I’ll reference several books here. Don’t be fooled. I’m no longer the focused reader I was when I was little, geeking out on the stacks of books I’d bring home from the library. Today I’ve still got stacks of books but mostly I skim, gleaning for top-line ideas. Things I’m reading lately pertain closely to the topics that came up a lot in sessions over the holidays – family, isolation, depression, anxiety.
In The Gift of Therapy, Irvin Yalom wrote that freedom is a topic that rarely comes up in therapy, which is weird. I bring it up often with my clients. We talk about Kierkegaard’s term – the dizziness of freedom – and how hard it can be, particularly for so many of my clients who are freelance and single, to identify and stay on a course that brings reliable or continuous professional and relational satisfaction. Particularly at the holidays when work tends to slow down even in The Industry, people are left figuring out how to fill up voids that are left when busy-ness and deadlines fade.

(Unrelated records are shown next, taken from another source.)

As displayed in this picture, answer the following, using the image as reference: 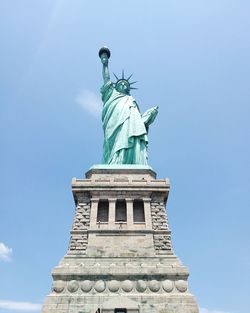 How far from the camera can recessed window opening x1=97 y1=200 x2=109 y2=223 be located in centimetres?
2057

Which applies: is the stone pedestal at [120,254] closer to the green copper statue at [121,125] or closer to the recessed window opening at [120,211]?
the recessed window opening at [120,211]

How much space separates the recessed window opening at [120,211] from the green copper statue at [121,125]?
166 inches

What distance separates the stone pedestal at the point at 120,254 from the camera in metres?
16.3

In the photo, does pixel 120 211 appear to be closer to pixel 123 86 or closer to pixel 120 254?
pixel 120 254

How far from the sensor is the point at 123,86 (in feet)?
106

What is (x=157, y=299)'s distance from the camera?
54.0ft

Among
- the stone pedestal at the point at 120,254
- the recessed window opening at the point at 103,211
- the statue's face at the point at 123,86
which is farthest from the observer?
the statue's face at the point at 123,86

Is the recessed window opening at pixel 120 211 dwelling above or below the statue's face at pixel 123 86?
below

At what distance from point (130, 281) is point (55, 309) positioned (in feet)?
13.1

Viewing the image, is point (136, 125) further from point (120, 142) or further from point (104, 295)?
point (104, 295)

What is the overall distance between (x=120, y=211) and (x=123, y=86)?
15.4 meters

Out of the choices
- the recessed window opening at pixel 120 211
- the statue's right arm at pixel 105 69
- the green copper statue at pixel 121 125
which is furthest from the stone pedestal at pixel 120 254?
the statue's right arm at pixel 105 69

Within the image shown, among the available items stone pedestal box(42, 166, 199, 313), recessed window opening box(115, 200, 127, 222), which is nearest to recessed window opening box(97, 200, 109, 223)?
stone pedestal box(42, 166, 199, 313)

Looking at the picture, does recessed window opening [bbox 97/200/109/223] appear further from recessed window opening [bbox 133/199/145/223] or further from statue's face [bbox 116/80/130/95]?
statue's face [bbox 116/80/130/95] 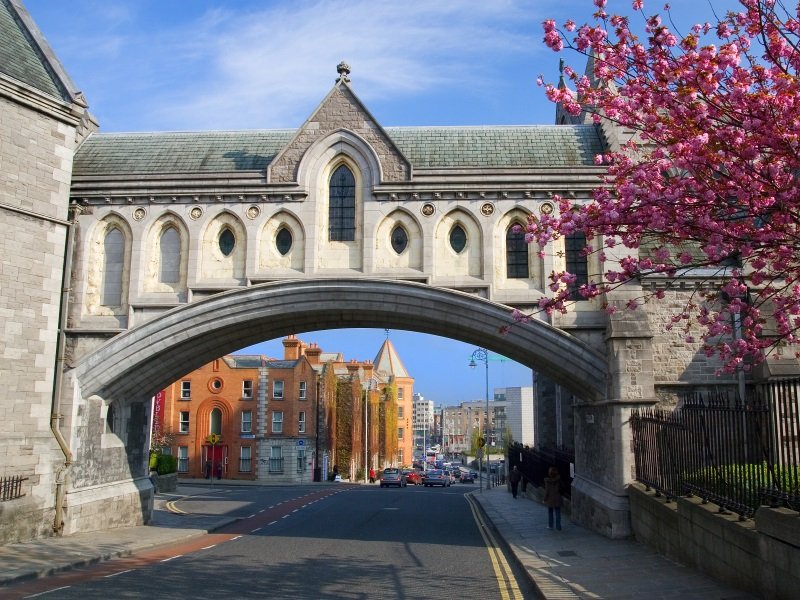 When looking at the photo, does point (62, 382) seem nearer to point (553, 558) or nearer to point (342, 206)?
point (342, 206)

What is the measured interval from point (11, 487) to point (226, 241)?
6.63m

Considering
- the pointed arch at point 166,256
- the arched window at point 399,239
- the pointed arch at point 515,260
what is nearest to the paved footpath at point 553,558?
the pointed arch at point 515,260

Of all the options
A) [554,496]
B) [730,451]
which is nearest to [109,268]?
[554,496]

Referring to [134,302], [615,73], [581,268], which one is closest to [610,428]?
[581,268]

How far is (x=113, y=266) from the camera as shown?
59.6 ft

There’s lots to say about all of this but in this moment, I want to offer an author, two books, for those who are struggling to makes sense of a modern world that can feel like TOO MUCH and TOO LITTLE at the same time. Annie Dillard is a favorite. I like her because she is super curious and prolific in her writings about the natural world, and she lives boldly in it. I was surprised early on to learn she was a Christian, as I didn’t think those with scientific minds would believe in a personified god. (Later in life she did become, as she put it “spiritually promiscuous”.) How can you keep ANY faith in a world that can be so filled with horror and injustice? Annie’s Pilgrim at Tinker Creek, and For the Time Being respond to this question.
A comparative religious studies and Asian studies major in my undergrad years, I was often asked, “Well what do YOU believe?” I still tell people – I have faith in chaos. The universe is remarkably ordered but with that, there is rupture and destruction. I remain grateful that my life and my mind have remained mostly ordered, manageable, and ultimately, hopeful. My work in the world is to help create order and hope for others. I attempt this through my non-profit, RootDown LA, and now through my therapy work.